▶ _Exercise requirements_: Your task is to return all of the records exactly, minus any images.

▶ _Data extract_:
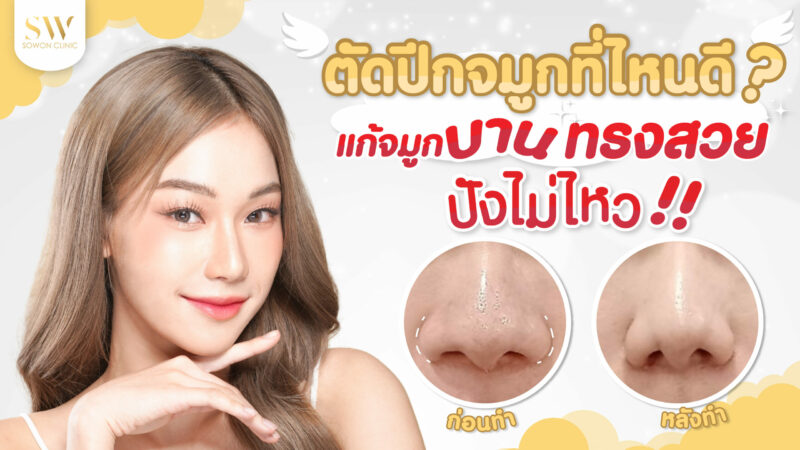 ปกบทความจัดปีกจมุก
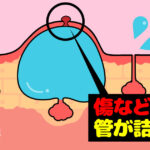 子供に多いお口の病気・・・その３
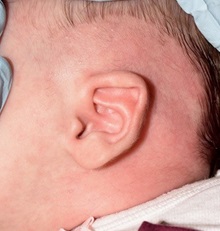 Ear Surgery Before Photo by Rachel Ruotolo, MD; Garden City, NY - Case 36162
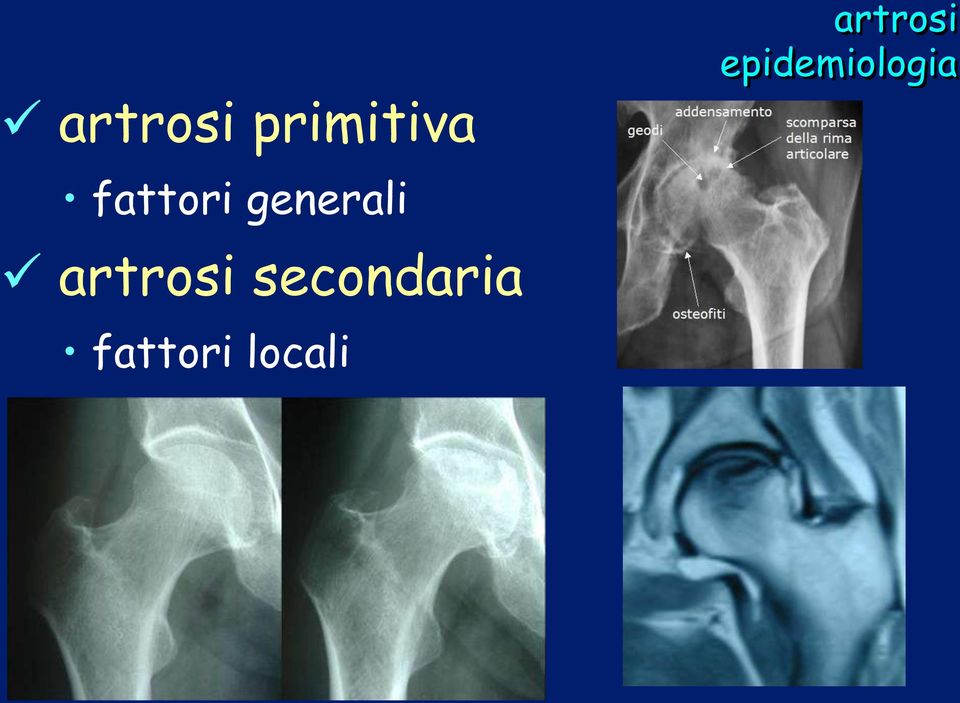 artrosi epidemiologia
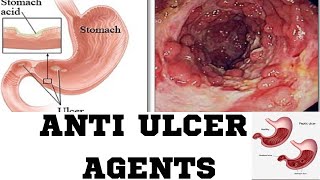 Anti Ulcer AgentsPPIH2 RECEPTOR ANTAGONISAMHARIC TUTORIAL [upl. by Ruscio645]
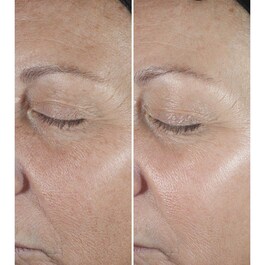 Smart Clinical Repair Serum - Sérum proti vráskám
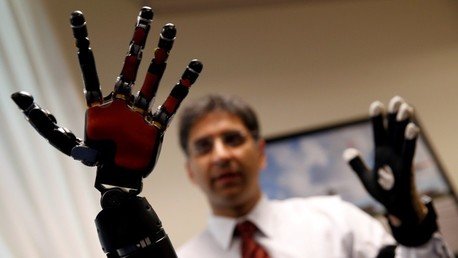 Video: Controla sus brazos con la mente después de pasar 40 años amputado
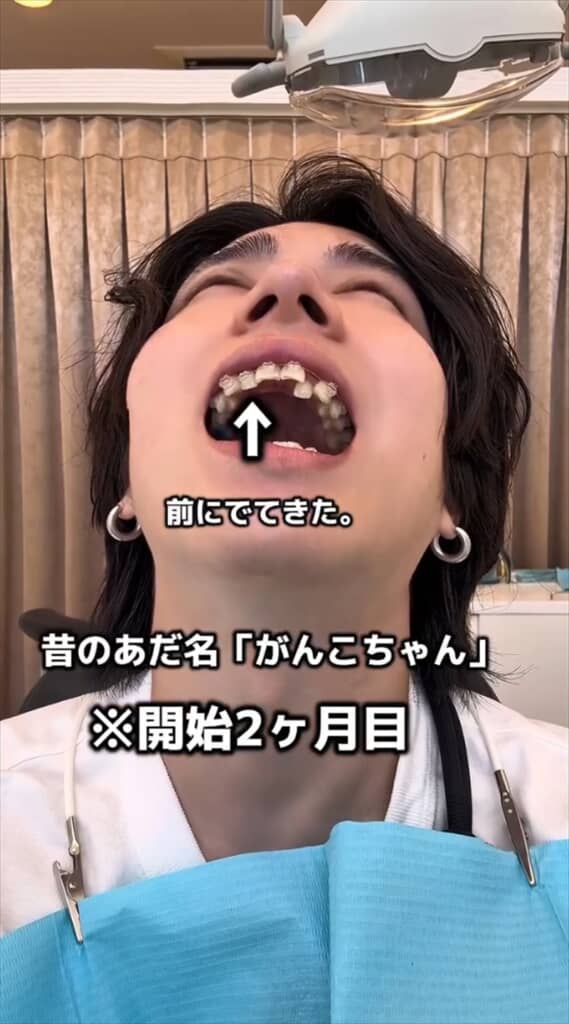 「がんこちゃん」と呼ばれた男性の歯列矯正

▶ _Task response_:
 ปกบทความจัดปีกจมุก
 子供に多いお口の病気・・・その３
 Ear Surgery Before Photo by Rachel Ruotolo, MD; Garden City, NY - Case 36162
 artrosi epidemiologia
 Anti Ulcer AgentsPPIH2 RECEPTOR ANTAGONISAMHARIC TUTORIAL [upl. by Ruscio645]
 Smart Clinical Repair Serum - Sérum proti vráskám
 Video: Controla sus brazos con la mente después de pasar 40 años amputado
 「がんこちゃん」と呼ばれた男性の歯列矯正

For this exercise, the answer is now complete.